Alfred Edward Jackson

AE Jackson was born in 1873. He was an exceptional and awarded student at the Camden School of Art, at the age of 18 his work was already in exhibition at the Royal Academy.

He started is long career as an illustrator of well known magazines and comics, and only a few years later has he produced his unforgettable and bestseller versions of  Gulliver’s Travels (1914),  Alice’s Adventures  (1915), Tales From Shakespeare (1919), The Water Babies (1920), Tales from the Arabian Nights (1920) and Robinson Crusoe (1921).

His dazzling purples, pinks and muted blues gave live to an extraordinary Alice.

(first published by Hoddern and Stoughton and by Milford in 1915)

Charles Folkard

Charles Folkard was a gifted and highly productive illustrator of children’s books. His illustrations of  Pinocchio, the Children’s Shakespeare and Grimm’s Fairy Tales and the Arabian Nights are among some of his most notorious works.
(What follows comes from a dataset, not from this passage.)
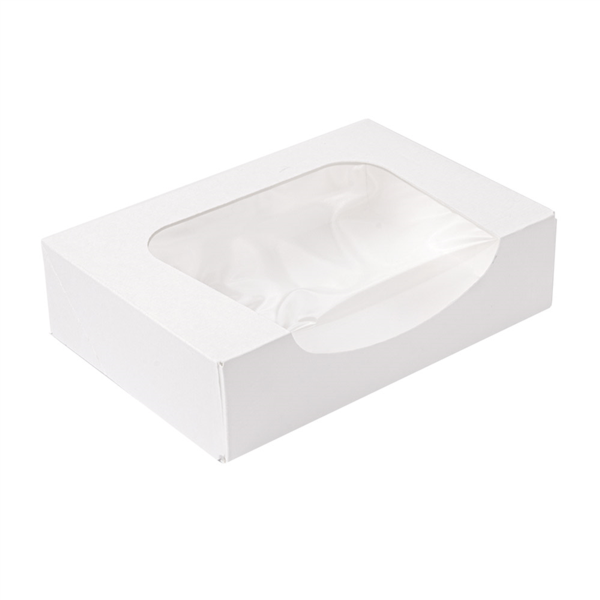 ENVASES SUSHI+VENTANA 'THEPACK' 230 G/M2 + OPP 17,5x12x4,5 CM BLANCO CARTÓN ONDULADO NANO-MICRO (400 UNID.)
Folkard is also recognised for the Daily Mail cartoon strips The Adventures of Teddy Tail, which were later published as a series of books.
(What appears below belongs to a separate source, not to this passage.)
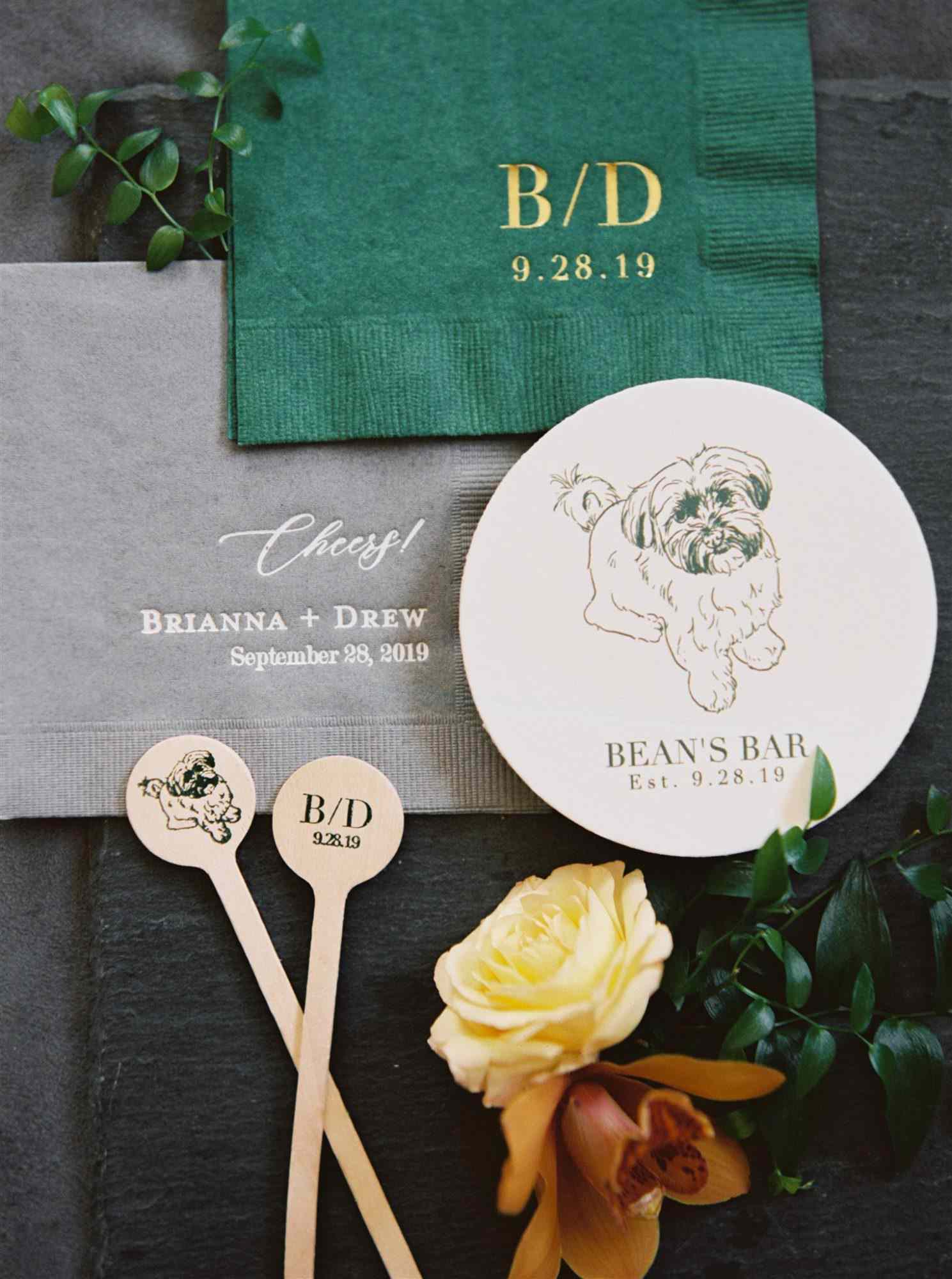 gray and green wedding napkins dog illustration stir sticks coasters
His Alice’s illustrations were first published  as Songs from Alice in Wonderland and Through the Looking-Glass (A. & C. Black, 1921). Alice’s Adventures in Wonderland  using these same illustrations was only published in 1929 (also by A. & C. Black). Beautiful, as you can see…

Mervyn Peake

Mervyn Peake  was born in China (1911) from a missionary family. He moved to England in 1923 and entered the Royal Academy in 29. Through his career, crossed by World War II, he published  several novels and collections of poems valued also by  his own beautiful illustrations. In 1951 he won the Heinemann Prize for Literature for Gormenghast and The Glassblowers and was elected a Fellow of the Royal Society of Literature.

When invited to illustrate other authors, Mervin Peake felt that by accepting the task he would have to  “subordinate totally to the book, and slide into another man’s soul”.

marvyn p 2

His illustrated version of Alice’s Adventures in Wonderland uses a fine cross-hatching style and was first published by The Continental Book Company/Zephyr Press (Stockholm, 1946) an edition “not to be introduced into the British Empire or the USA“.

The UK version was published by Allan Wingate in 1954.

marvyn p 3

Maria Louise Kirk

M.L. Kirk, as she usually signed her work, attended the Philadelphia School of Design for Women and  the Academy of Fine Arts also in Philadelphia. Award for her excellent work, she is known for her illustrations for children’s books.